Karen pensó que todo era por los zapatos rojos, pero a la señora le parecieron horribles y los hizo quemar. La niña fue vestida pulcramente, y tuvo que aprender a leer y coser. La gente decía que era linda, pero el espejo añadía más: «Tú eres más que linda. ¡Eres encantadora!»
Por ese tiempo, la Reina estaba haciendo un viaje por el país, llevando consigo a su hijita la Princesa. La gente, y Karen entre ella, se congregó ante el palacio donde ambas se alojaban para tratar de verlas. La princesita salió a un balcón, sin séquito que la acompañara ni corona de oro, pero ataviada enteramente de blanco y con un par de hermosos zapatos de marroquí rojo. Un par de zapatos que eran realmente la cosa más distinta de aquellos que la pobre zapatera había confeccionado para Karen. Nada en el mundo podía compararse con aquellos zapatitos rojos.
Llegó el tiempo en que Karen tuvo edad para recibir el sacramento de la confirmación. Le hicieron un vestido nuevo y necesitaba un nuevo par de zapatos. El zapatero de lujo que había en la ciudad fue encargado de tomarle la medida de sus piececitos. El establecimiento estaba lleno de cajas de vidrio que contenían los más preciosos y relucientes zapatos, pero la anciana señora no tenía muy bien la vista, de modo que no halló nada de interés en ellos. Entre las demás mercaderías había también un par de zapatos rojos como los que usaba la Princesa. ¡Qué bonitos eran! El zapatero les dijo que habían sido hechos para la hija de un conde, pero que le resultaban ajustados.

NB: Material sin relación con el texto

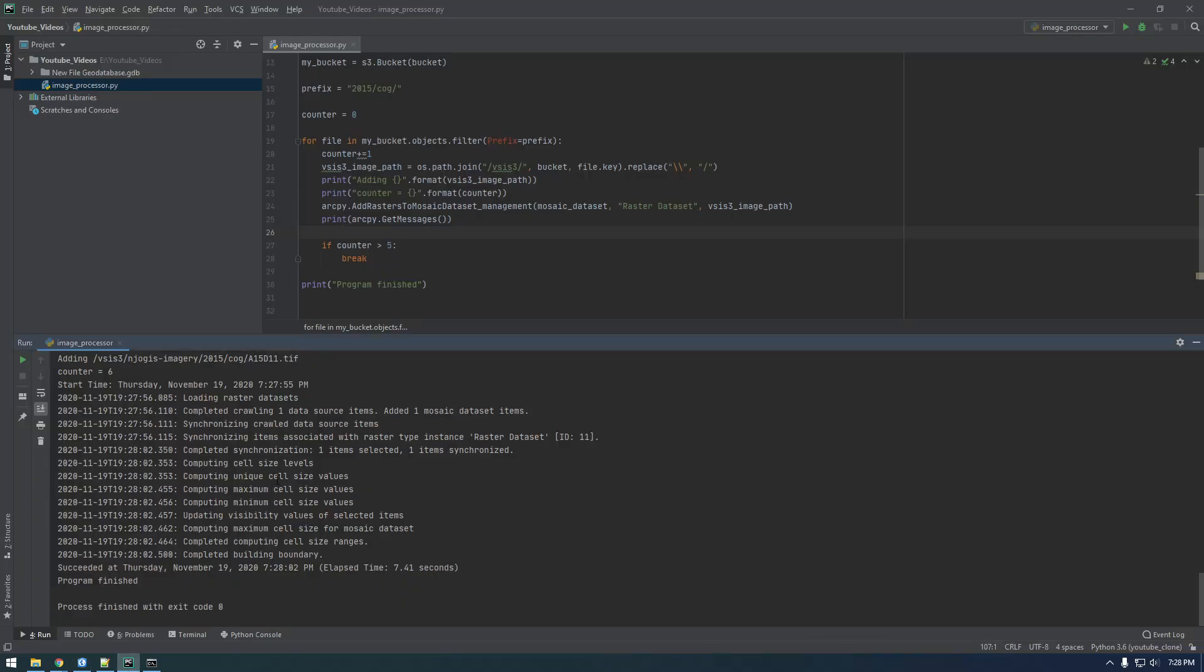Cool, so this video is getting a little long. In the next video I'm going to show you how instead of running arcpy five different times, we're going to run it one time and just pass it five different images at once. Alright.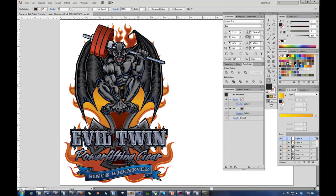This lesson is going to be how to make hot rod flames, which are kind of different than realistic flames — kind of cartoony and following their own logic. But once you get into the groove of it and learn how to think about them, as well as some specific settings in Illustrator that will help you draw them, which is key. This lesson is inspired by an Evil Twin Powerlifting Gear logo I did recently.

—¡Cómo brillan! —comentó la señora—. Supongo que serán de charol.
—Sí que brillan y mucho —aprobó Karen, que estaba probándoselos. Le venían a la medida y los compraron, pero la anciana no tenía la mejor idea de que eran rojos, o de lo contrario nunca habría permitido a Karen usarlos el día de su confirmación.
Todo el mundo le miraba los pies a la niña, y en el momento de entrar en la iglesia aún le parecía a ella que hasta los viejos cuadros que adornaban la sacristía, retratos de los párrocos muertos y desaparecidos, con largos ropajes negros, tenían los ojos fijos en los rojos zapatos de Karen. Ésta no pensaba en otra cosa cuando el sacerdote extendió las manos sobre ella, ni cuando le habló del santo bautismo, la alianza con Dios, y dijo que desde ahora Karen sería ya una cristiana enteramente responsable. Respondieron las solemnes notas del órgano, los niños cantaron con sus voces más dulces, y también cantó el viejo preceptor, pero Karen sólo pensaba en sus zapatos rojos.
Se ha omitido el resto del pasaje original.